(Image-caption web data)
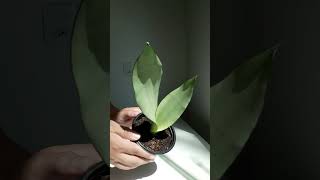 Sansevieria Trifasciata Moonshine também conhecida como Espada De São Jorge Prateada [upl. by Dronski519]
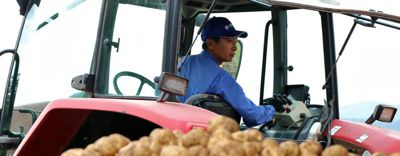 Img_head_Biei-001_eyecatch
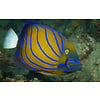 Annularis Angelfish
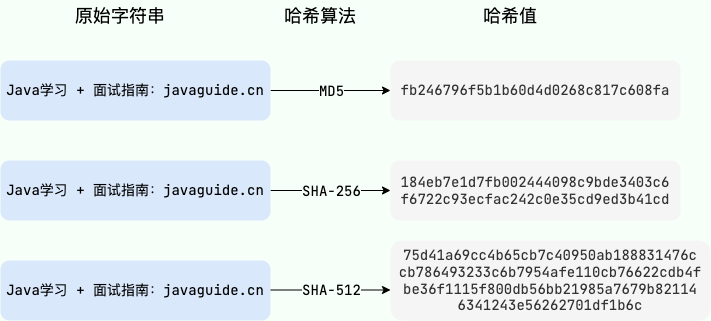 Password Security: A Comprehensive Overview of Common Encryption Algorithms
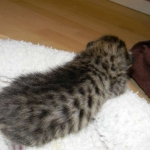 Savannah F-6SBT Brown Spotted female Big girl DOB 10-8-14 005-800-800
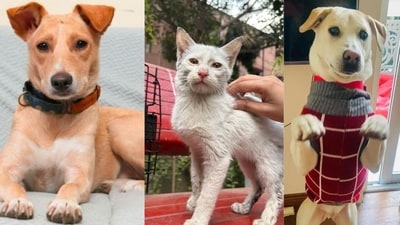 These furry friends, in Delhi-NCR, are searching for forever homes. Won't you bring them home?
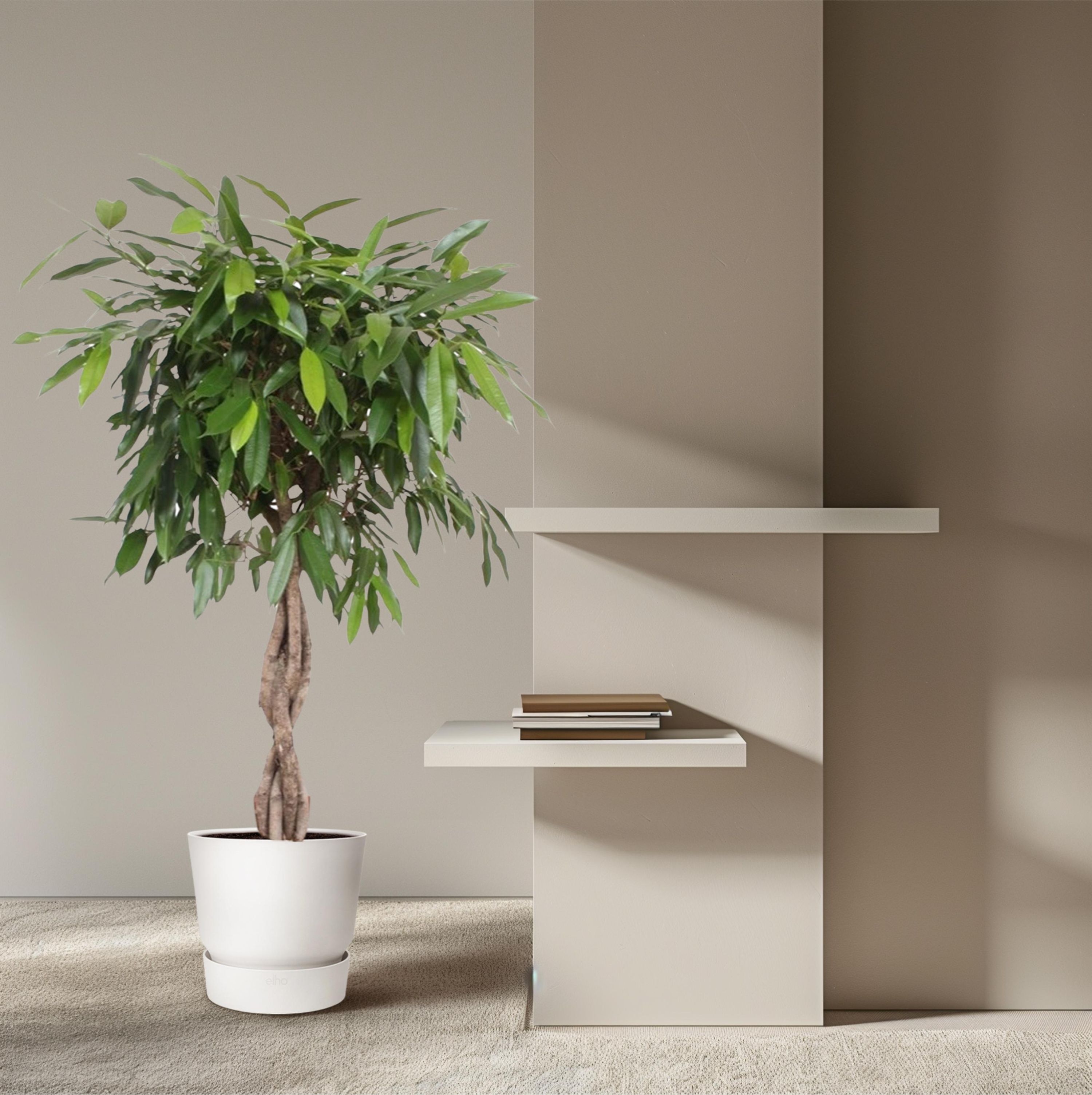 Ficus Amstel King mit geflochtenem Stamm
...
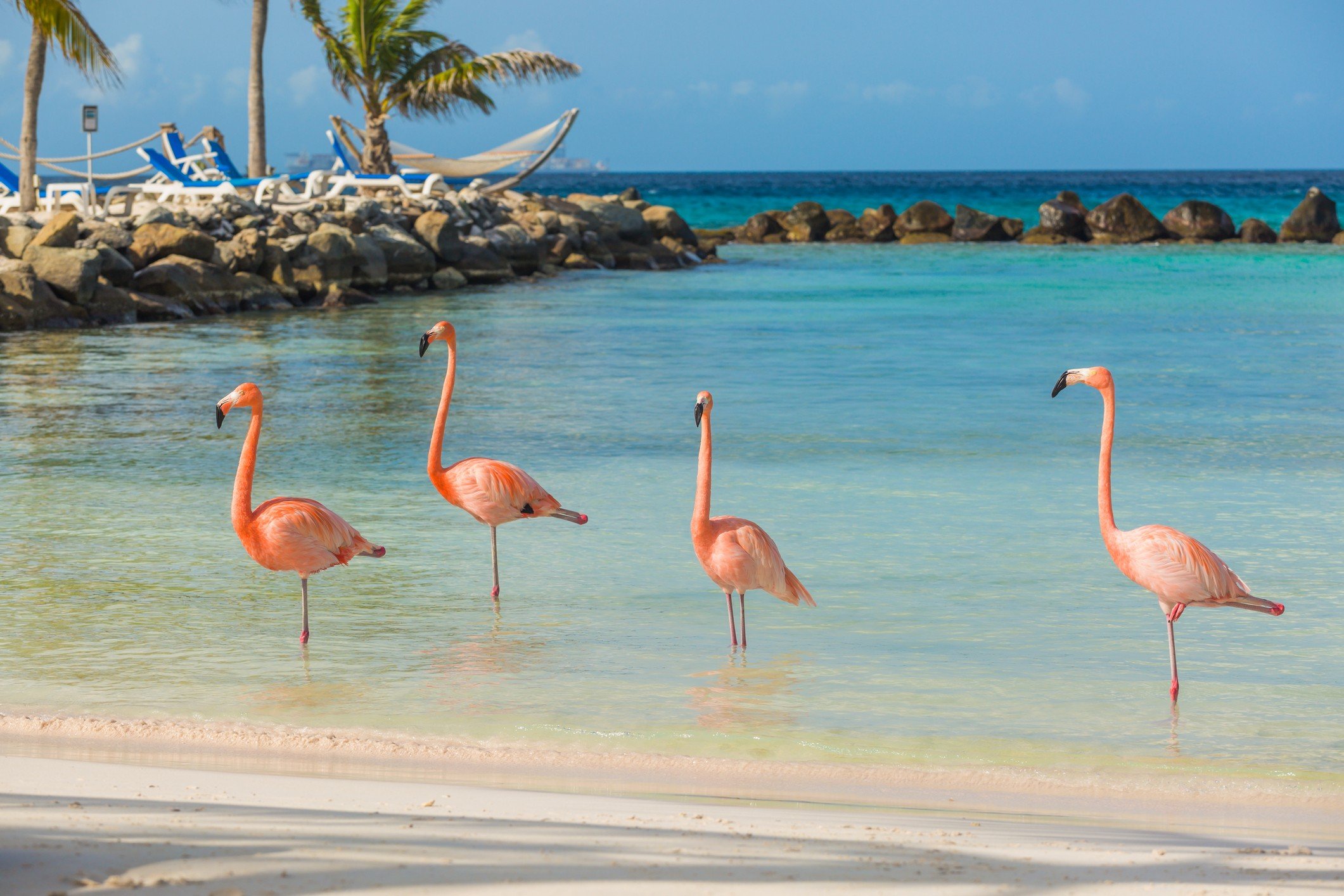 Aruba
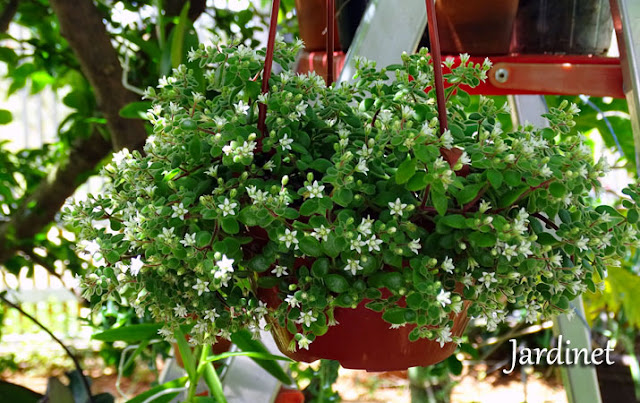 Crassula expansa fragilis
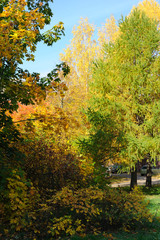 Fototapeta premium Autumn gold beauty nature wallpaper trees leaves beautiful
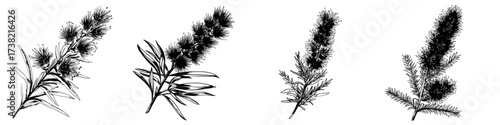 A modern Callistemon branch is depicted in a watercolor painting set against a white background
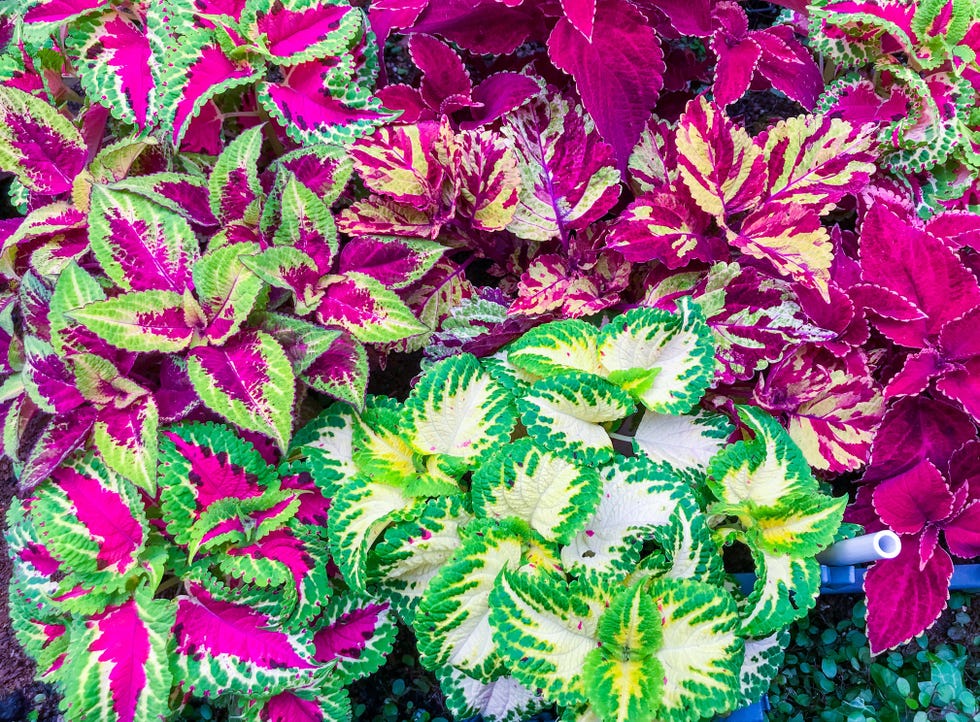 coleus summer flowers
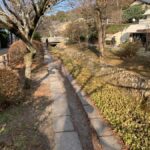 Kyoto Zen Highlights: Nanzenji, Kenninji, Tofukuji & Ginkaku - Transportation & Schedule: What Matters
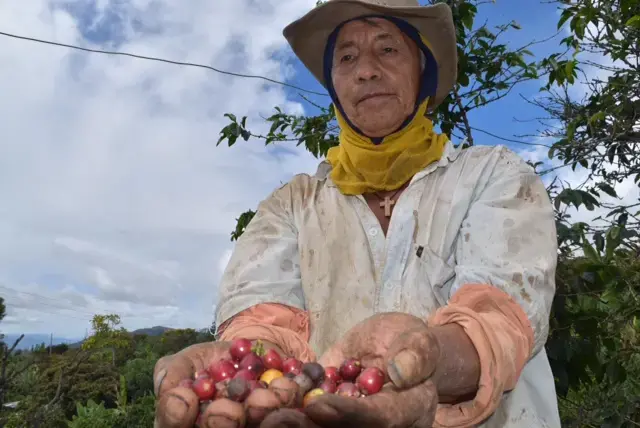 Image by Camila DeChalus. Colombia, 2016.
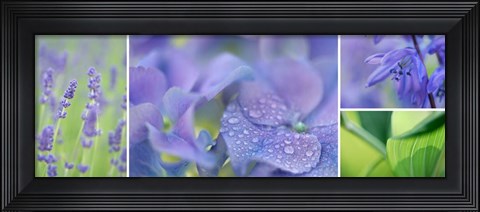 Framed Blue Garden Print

(PROBLEM):
Print from the line containing "A modern Callistemon" through the line containing "Framed Blue Garden Print" in the data above, exactly as the lines stand, and omit every picture.

(EXERCISE SOLUTION):
 A modern Callistemon branch is depicted in a watercolor painting set against a white background
 coleus summer flowers
 Kyoto Zen Highlights: Nanzenji, Kenninji, Tofukuji & Ginkaku - Transportation & Schedule: What Matters
 Image by Camila DeChalus. Colombia, 2016.
 Framed Blue Garden Print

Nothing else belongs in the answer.